Montag, 10. Juni 2019

Im Sturm und im Feuer

Pfingsten, Herz-Jesu-Basilika, Koekelberg, Brüssel


Liebe Brüder und Schwestern! 

Jedesmal, wenn wir Eucharistie feiern, leben wir im Glauben das Geheimnis, das sich auf dem Altar vollzieht, das heißt wir haben Anteil am höchsten Akt der Liebe, den Christus mit seinem Tod und seiner Auferstehung verwirklicht hat. Der eine und einzige Mittelpunkt der Liturgie und des christlichen Lebens – das Ostergeheimnis – nimmt dann an den verschiedenen Hochfesten und Festtagen spezifische »Formen« mit weiteren Bedeutungen und besonderen Gnadengaben an.

Unter allen Hochfesten zeichnet sich Pfingsten durch seine Bedeutsamkeit aus, da an ihm das Wirklichkeit wird, was Jesus selbst als den Zweck seiner gesamten Sendung auf Erden verkündet hat. Während er nämlich nach Jerusalem hinaufstieg, hatte er den Jüngern erklärt: »Ich bin gekommen, um Feuer auf die Erde zu werfen. Wie froh wäre ich, es würde schon brennen!« (Lk 12,49). Diese Worte finden ihre augenscheinlichste Verwirklichung fünfzig Tage nach der Auferstehung, an Pfingsten, dem alten jüdischen Fest, das in der Kirche zum Fest des Heiligen Geistes schlechthin geworden ist: »Und es erschienen ihnen Zungen wie von Feuer… Alle wurden mit dem Heiligen Geist erfüllt« (Apg 2,3–4).
Das wahre Feuer, der Heilige Geist, ist von Christus in die Welt gebracht worden. Er hat es nicht den Göttern entrissen, so wie es nach dem griechischen Mythos Prometheus tat, sondern er ist zum Vermittler der »Gabe Gottes« geworden, indem er sie für uns durch die größte Liebestat der Geschichte erlangt hat: durch seinen Tod am Kreuz.

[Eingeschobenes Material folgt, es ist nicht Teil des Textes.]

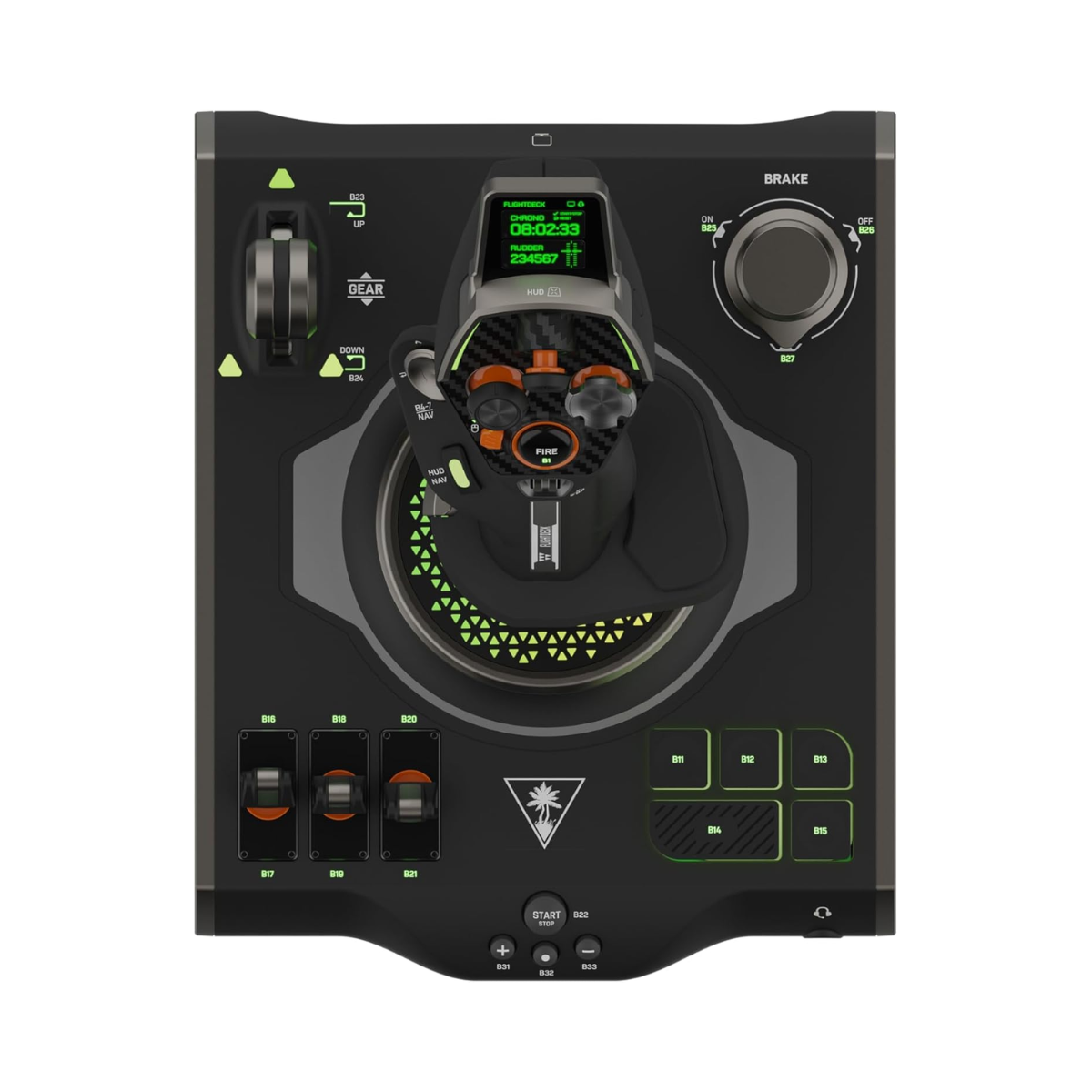 Turtle Beach VelocityOne Flightdeck HOTAS Joystick & Throttle for PC – As New Condition Turtle Beach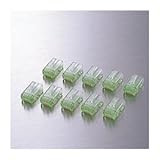 （まとめ）エレコム RJ45カラーコネクタ LD-RJ45G10〔×10セット〕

Gott will dieses »Feuer« weiterhin allen Generationen von Menschen schenken, und natürlich ist er frei, dies zu tun, wie und wann er will. Er ist Geist, und der Geist »weht, wo er will« (vgl. Joh 3,8). Es gibt jedoch einen »normalen Weg«, den Gott selbst gewählt hat, um »Feuer auf die Erde zu werfen«: Dieser Weg ist Jesus, sein eingeborener Sohn, der Mensch geworden, gestorben und auferstanden ist. Jesus Christus hat dann die Kirche als seinen Leib eingesetzt, damit sie seine Sendung in der Geschichte weiterführe. »Empfangt den Heiligen Geist!«, sagte der Herr zu den Aposteln am Abend seiner Auferstehung und begleitete diese Worte mit einer ausdrucksvollen Geste: er »hauchte« sie an (vgl. Joh 20,22). So zeigte er, daß er ihnen seinen Geist weitergab, den Geist des Vaters und des Sohnes. Nun, liebe Brüder und Schwestern, sagt uns die Schrift am heutigen Hochfest erneut, wie die Gemeinde sein soll, wie wir sein sollen, um die Gabe des Heiligen Geistes zu empfangen.
Im Bericht, der das Pfingstgeschehen beschreibt, ruft der biblische Autor in Erinnerung, daß die Jünger »sich alle am gleichen Ort befanden«. Dieser »Ort« ist der Abendmahlssaal, »das Obergemach«, wo Jesus zusammen mit seinen Aposteln das Letzte Abendmahl gehalten hatte, wo er ihnen als der Auferstandene erschienen war; jener Raum, der sozusagen der »Sitz« der entstehenden Kirche geworden war (vgl. Apg 1,13). Mehr als die Betonung eines physischen Ortes beabsichtigt die Apostelgeschichte jedoch, die innere Haltung der Jünger hervorzuheben: »Sie alle verharrten dort einmütig im Gebet« (Apg, 1,14). Die Einmütigkeit der Jünger also ist die Bedingung dafür, daß der Heilige Geist kommt; und die Voraussetzung der Eintracht ist das Gebet.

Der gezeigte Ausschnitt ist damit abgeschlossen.